Yet, inside the breezy pop of Dom, is Dom, the man, whose personal history is decidedly less carefree. He doesn’t want you to dwell on his past, but to understand Dom today, you have to excavate the skeletons hidden deep in Dom’s closet. After all, pop music is escapism; it’s a drug, a candy-coated antidote to pain. Unfortunately for Dom, pain has followed him like a shadow through life. When Dom was 8 years old, his mother gave him up for adoption. At an age where he was all-too conscious, Dom was devastated by this breach of trust and schism from his family. His siblings stayed with his mom, he was the only one to go. Unanswered questions reverberated in the back of Dom’s brain: Why him?

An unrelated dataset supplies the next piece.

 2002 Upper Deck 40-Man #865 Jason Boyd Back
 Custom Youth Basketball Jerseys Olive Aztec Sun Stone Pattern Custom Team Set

What made Dom so different? Like so many children in foster homes, Dom bounced from family to family, searching for permanent place to call home. Acclimating to these temporary families was impossible, and when Dom was 14 he got into a serious fight with a foster brother. Dom was arrested in the school cafeteria in front of his friends. He was locked up for a few months and became subsumed in the cycle of within America’s ailing juvenile justice system.
Dislocated in life, he found a home in music. “When I was a kid my mom listened to Roy Orbison, and I remember wanting to be him. I was told I couldn’t be him. So later I had this dream that if I could be him someday, I would be somebody, and maybe my mom could see that,” Dom says. Dom’s personal troubles add a caustic irony to the feel good lyrics on Sun Bronzed Greek Gods. “It’s so sexy/ to be living in America” he sings on “Living in America.” On “Burn Bridges,” he explains, “Burn your bridges / make yourself an island / Just forgive ‘em and forget ‘em.” On Dom island, music is the cure. It’s the reason to pick up those broken pieces of your life and move on. Dom says forget that baggage, fuck the past, and rock for now.
“I’m gonna live how I want to / This is okay / I’ve been living for today.” – Dom.